Which function should I use to interpolate (boundaries set by fillPolly)

Hello,

I would like to interpolate this picture (not by increasing the resolution).

image

I filled the areas with fillPoly() by providing the corners of the Polygon and displayed it with via colorMap. But now I would like to “smooth” / Interpolate so that I do not have these strict and hard boundaries anymore.

I was looking for a simple function provided by opencv like reMap or convertMaps. But I am not quite sure wether these functions will work. (I could not get them working).

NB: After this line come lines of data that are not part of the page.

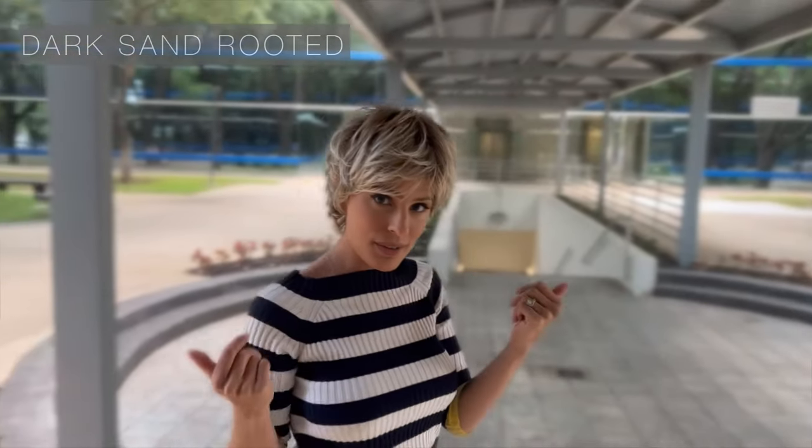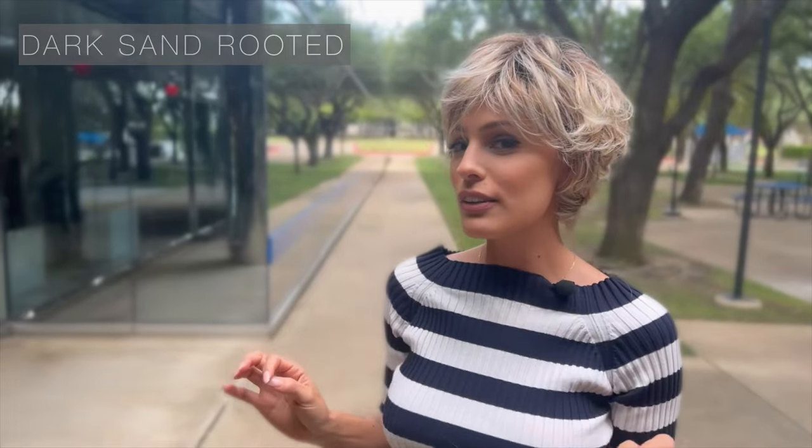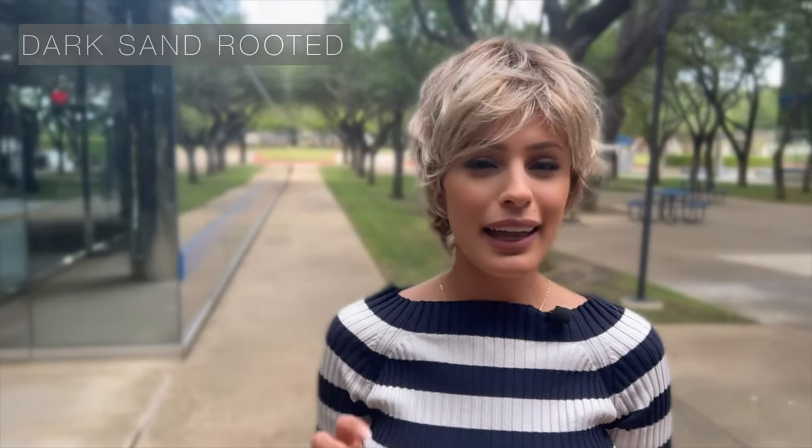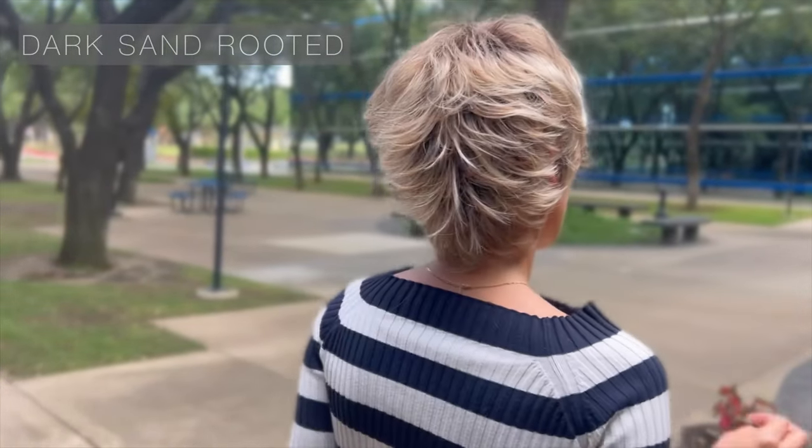So this is Dark Sand Rooted. Let's go in the sun a little bit more. Take a look at all of these light honey blondes — it's got a little bit of ash blonde, a light brown base, and my favorite dark brown root. You guys, how chic and how cute is she? Okay, ready for the next color?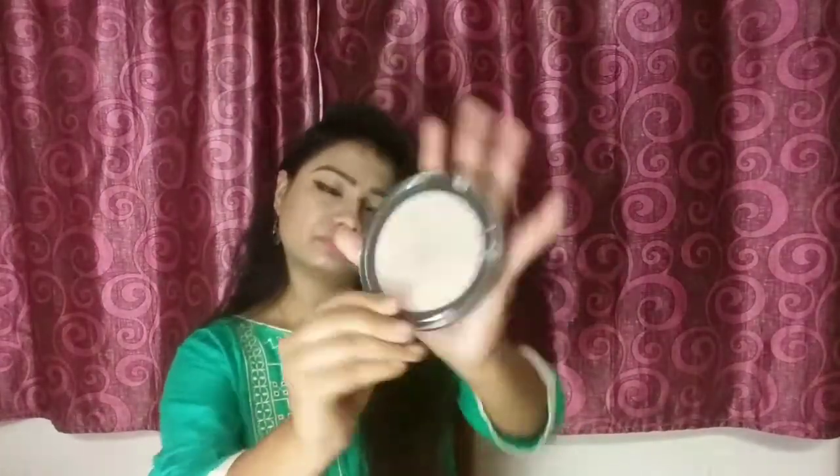It's a big size, which is a plus because you get a lot of product. It's 15 grams and its price is 8.50, but I bought it from Nykaa so I got a discount.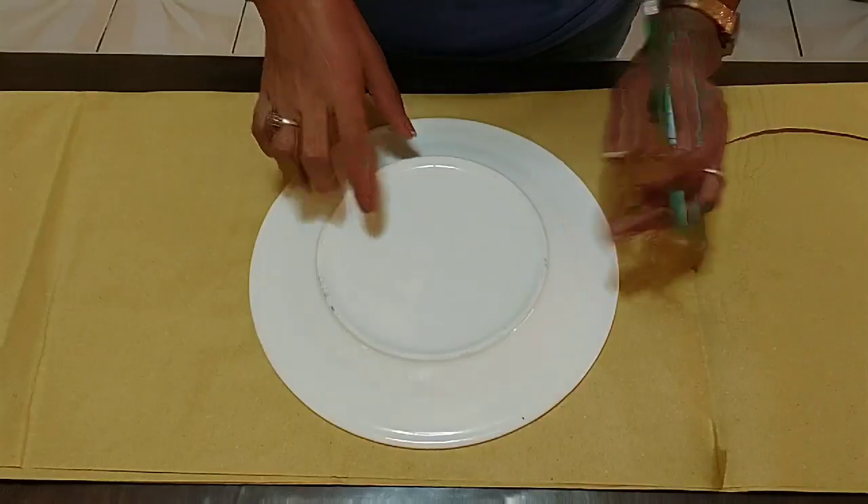Ito ay magiging basic na natin. Kasi ito ay kailangan natin tuwing tayo ay lalabas ng bahay. Ito ang ating face mask. Ginawa kong fashionable. Kung makikita nyo, ang aking face mask ay may partner. Nagkaroon ako ngayon ng fashion.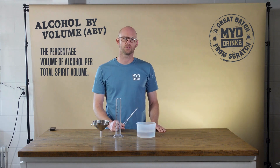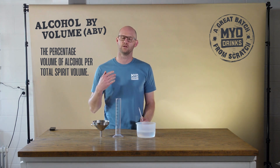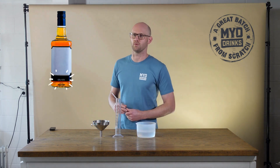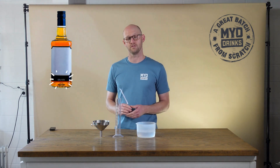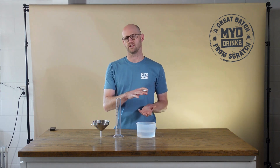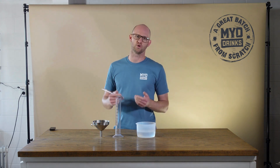This is also how commercial companies display their percentage strength on their bottles of spirits in store. You may notice a bottle of spirits will say 40% ABV on the bottle, and that means that 40% of the contents is alcohol and the remaining 60% is water or congeners.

Do you guys have a hint for what I am looking for? Or do I have to write a function by myself.

Kind regards
Tim

it’s a bit unclear, what you want. maybe , simple blurring like:

 cv::blur(img, img, Size(10,10));

output

already does it ?

no not exactly but thanks for your help

If you imagine a square with clear boundaries (straight line). Instead of this I would like to have soemthing like a circle around this square.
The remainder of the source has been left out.